Mellbin: I don’t have specific information, so I can’t sort out the exact figures. We will present that on May 5 [in Kabul] during our anti-corruption conference. We will also provide some overviews showing the kinds of minerals and where these mines are, and smuggling techniques that are used to deprive Afghan people of their rightful resources.

Let me mention some of [the resources that] are not spoken of very often such as talc, which is quite important, and are mined in several places illegally. Of course, there is also a wide variety of gemstones. And lapis lazuli, whose mining is ongoing and which also has industrial scales. And the geographical distribution is also very wide. And we find that the people who are stealing these resources are not just in a certain place but this is happening across the whole country.

RFE/RL: What steps or initiatives have so far been taken by the EU to help stop illegal mining and smuggling in Afghanistan?

Mellbin: The first thing that we are going to do is investigate, and it is the results of our investigation that we will present on May 5. So this is an opportunity to put the public spotlight on this because this is really about defending the interests of the Afghan people and securing not only the resources so the people can actually enjoy them but also that people understand [that] there is a need to tackle the question of illegal mining because it can tear the country apart.

We have seen other countries that suffer on what is internationally called the resource curse.
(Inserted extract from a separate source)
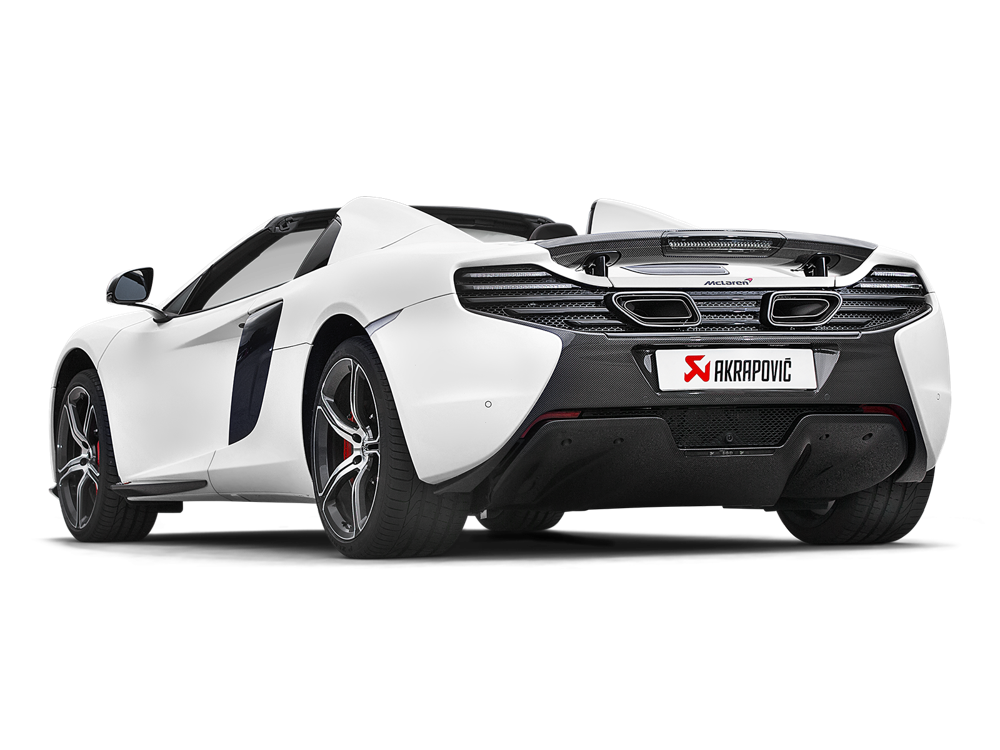 Akrapovic Slip-On Line (Titanium) for McLaren 650S / 650S Spider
And what we want to do now is to present our findings so that the general public, ordinary Afghans, the media, politicians, [and] the anti-corruption bodies are aware that this needs more focus. And that particular and smaller interests of individuals and groups should not be allowed to overshadow the interests of the Afghan people. I think highlighting this is the best thing we can do because each and every Afghan is a stakeholder. Every time these resources leave the country, ordinary Afghans lose out.
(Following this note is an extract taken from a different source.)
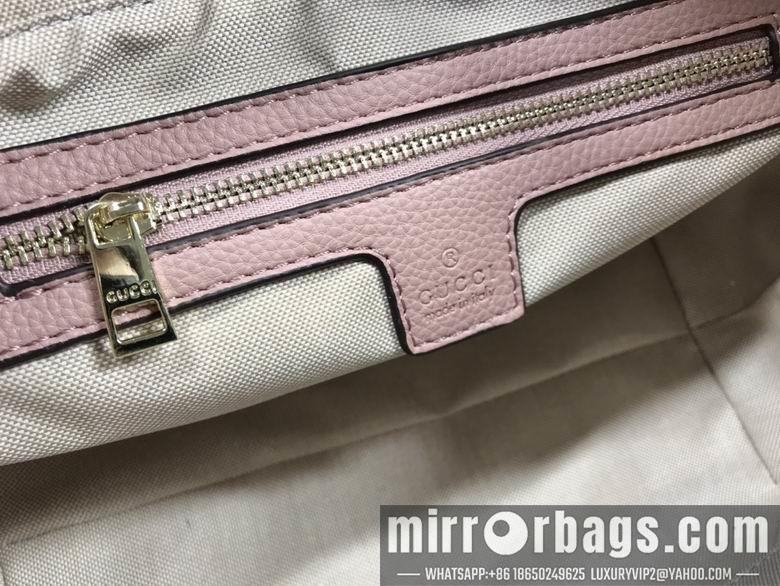 Replica Gucci Bags 1:1 WD369176裸粉 26X23X13.5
RFE/RL: What pressures can the international community put on the government of Afghanistan to tackle the issue?

Mellbin: The first pressure point is to make sure there is an Afghan pressure point. We need to mobilize ordinary Afghans and the responsible part of Afghan society to be aware and try to change this themselves.

On the international side, what we can do is to bring the issue to the table, and we will do that on May 5. We can make sure that other internationals are not complicit so we should monitor that international money interests are not part of this plundering of the Afghan people’s resources.

We can also step in and try to support those who are willing to work with this issue and clean up the mining sector so that it becomes better regulated, and finally we can support those entities and government bodies who are willing to tackle the issue of legal mining, by their capacity to do that. And by making sure that they also get the political support which will be needed because there is not just the problem [of] criminal gangs [and] insurgents but it is unfortunately something that goes across society.

RFE/RL: Are you satisfied with Afghan government's performance in this regard so far?

Mellbin: There is a widespread feeling that the Afghan government should do more to tackle corruption. We are encouraged to see positive steps. I feel that the government has understood that this is a key issue for the international community. Also to make sure that the international community is willing to continue to support the Afghan government people. One thing is the promises we have heard, which are good and encouraging, but what we want to see this year is that the government could start to deliver.